Message from the Chief Editors

Greetings! 


At this 10-year anniversary of the launch of EvoDevo, we are thrilled and honored to take over the reins from Mark and Max. Broadly, Evolutionary Developmental Biology seeks to understand how changes in development drive major transitions and innovation in organismal evolution. Rooted in comparative developmental biology and integrating the principles and methods of many subdisciplines of biology along the way, “Evo-Devo” is now an established field. 


The genome sequencing revolution has delivered its promise. It has enabled us to re-explore many taxa that were relegated to the obscure for many decades. It has given us robust phylogenetic frameworks to generate hypotheses and inferences about evolution of traits at both micro- and macro-evolutionary timescales. Genomes, transcriptomes, and soon proteomes can be studied with single-cell resolution. This has given us loads of loci to investigate as causal agents for development and evolution.

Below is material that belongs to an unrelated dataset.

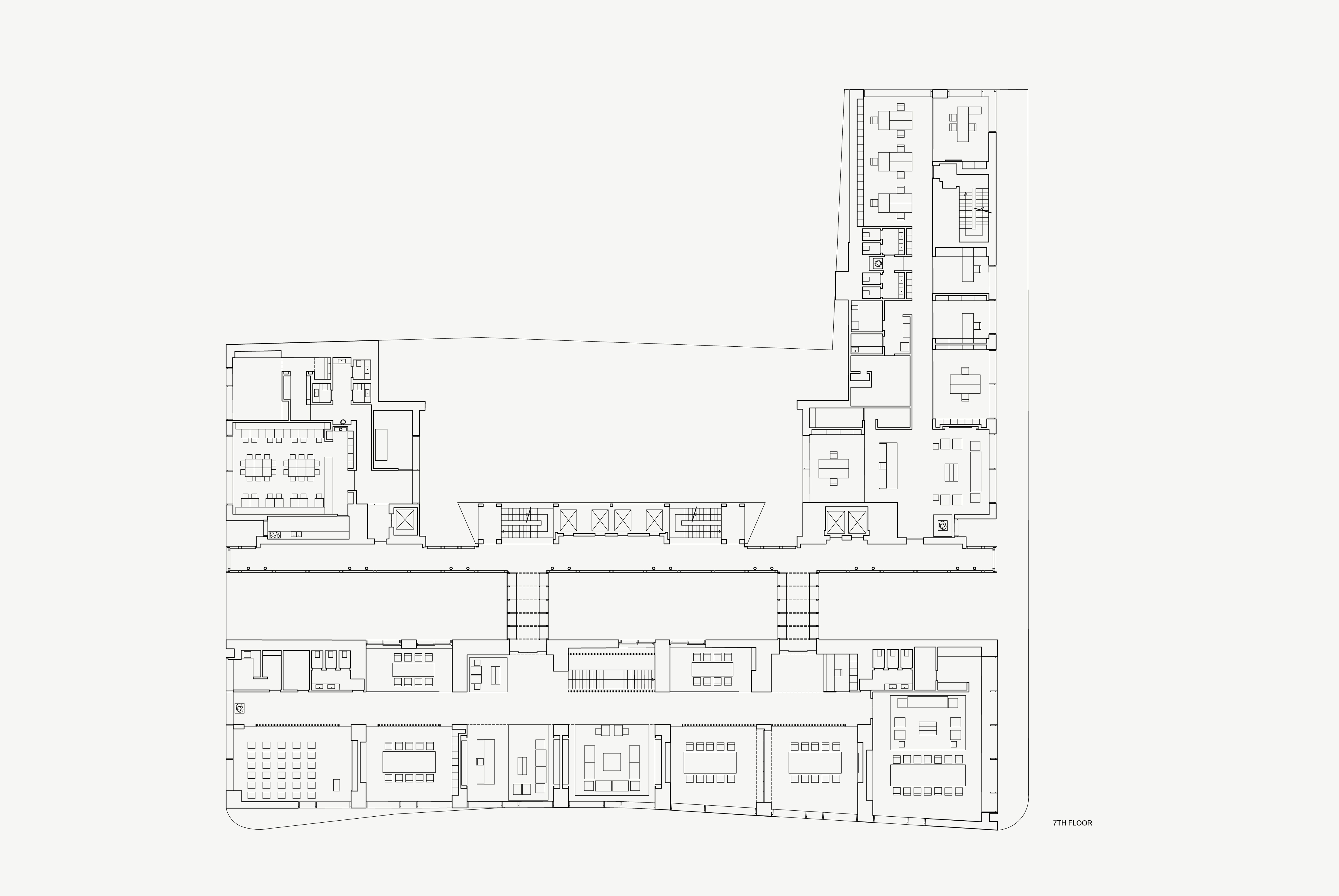 M1 办公室的家居化设计-15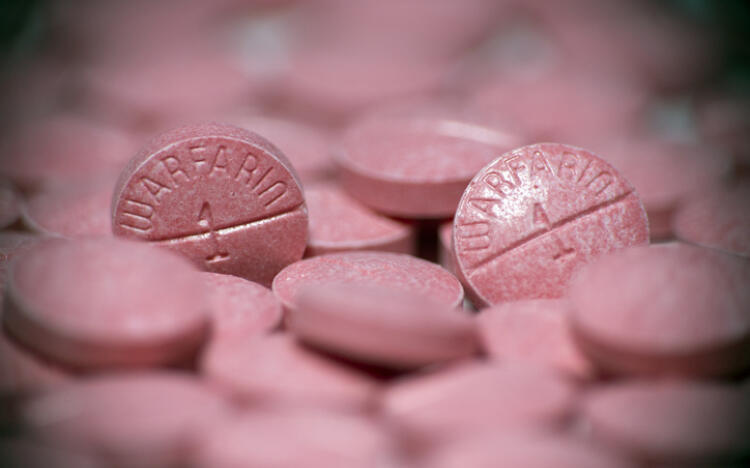 Warfarin and how to take it 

Evo-Devo is now being powered by transformative new technology for studying gene function, such as CRISPR-Cas9 based genome-editing. New tools have also emerged in microscopy that allow more detailed investigations of embryos – Light-Sheet and Focused-Ion-Beam Scanning Electron Microscopy bridge the subcellular dimension with molecular studies in embryonic time lapse recordings. 

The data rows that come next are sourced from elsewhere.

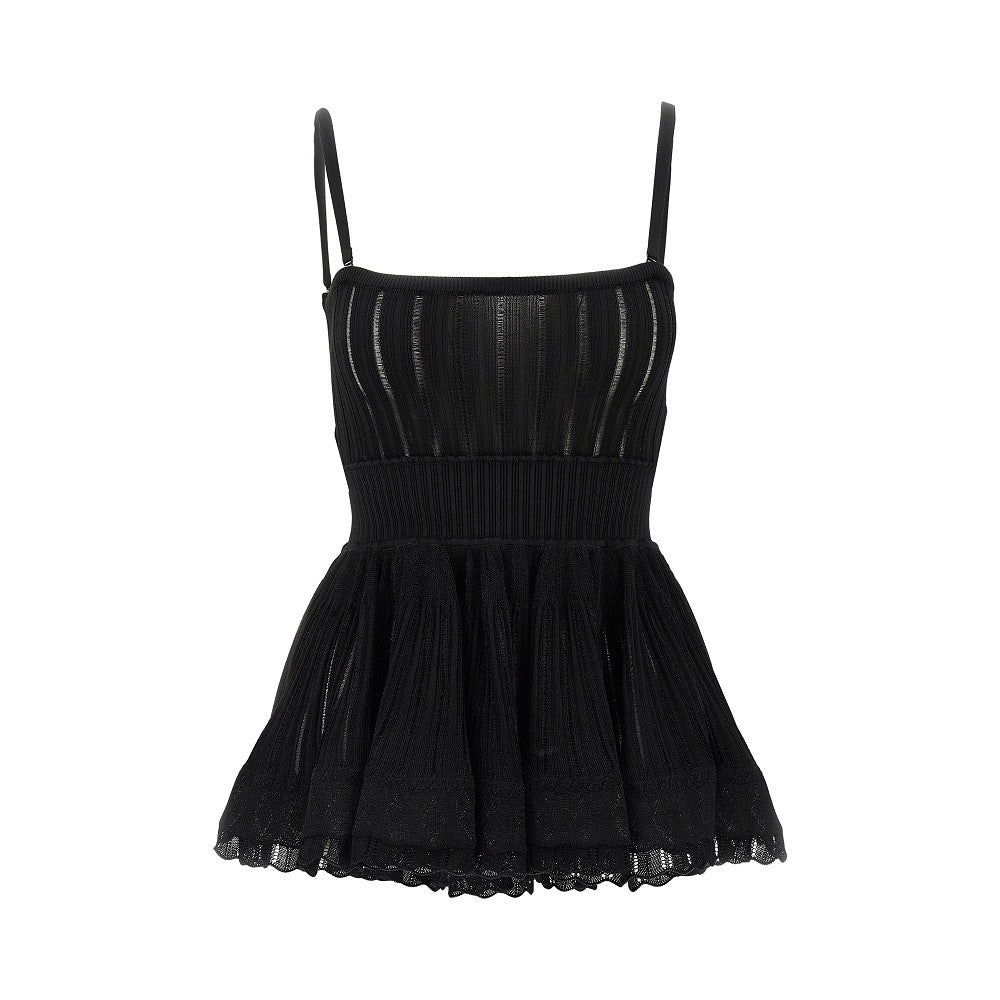 Viscose Crinoline top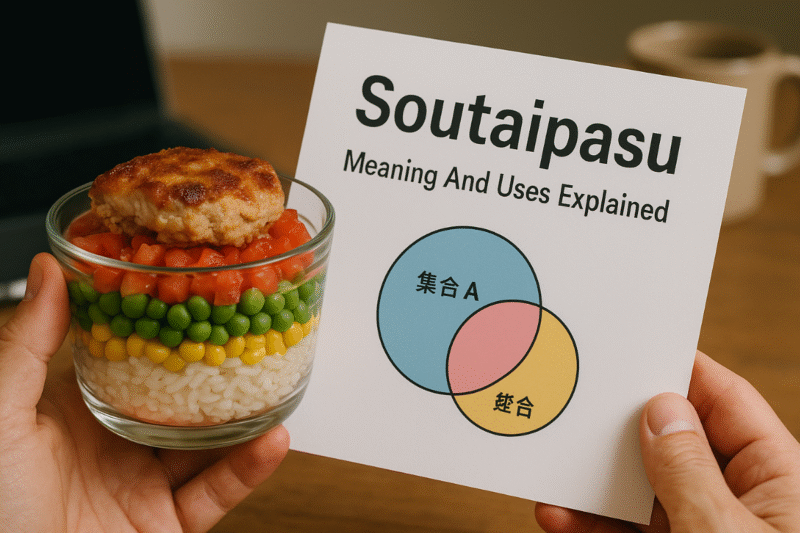 Soutaipasu Meaning And Uses Explained A Simple Guide For Everyone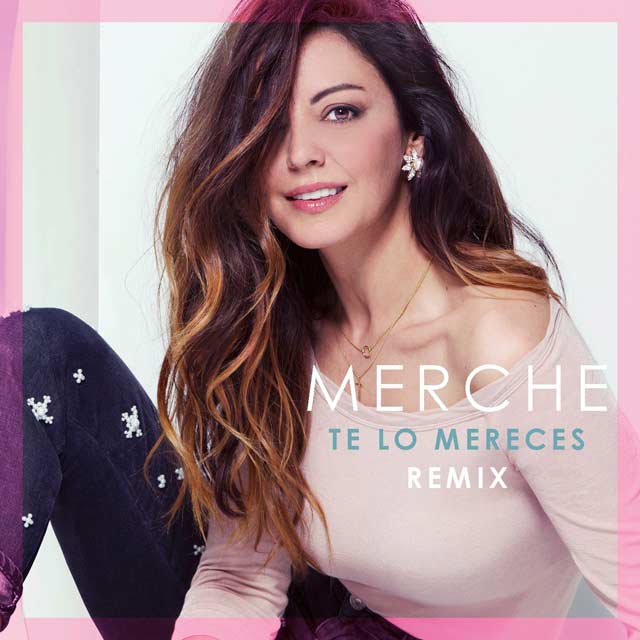 Merche: Te lo mereces - portada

Thus, in 2020, Evo-Devo is well-positioned to broaden both the types of questions our field asks as well as the organisms we study. Important insights in Evo-Devo can come from varied sources. We want to publish work ranging from investigations and comparisons (at molecular, genetic, and cellular levels) of the blueprints of anything from flowers to axial skeletons, to studies of new research organisms that hold the promise of evolutionary insight, to phylogenetic reconstructions that impact comparative work, to studies of changes between closely related species or within populations, and beyond.


We would love to have EvoDevo serve our community as a focal point for scientific discourse, a place where our work on evolutionary developmental biology finds an audience that specifically cares about developmental studies with evolutionary implications, as opposed to solely developmental mechanisms or only evolutionary processes. 


We are open to new formats for publishing your Open Access work with us, and we encourage the use of preprint servers. We will increase our activity via social media to make your work more visible and accessible to the community.


You will soon hear more from us and we hope to hear back from you.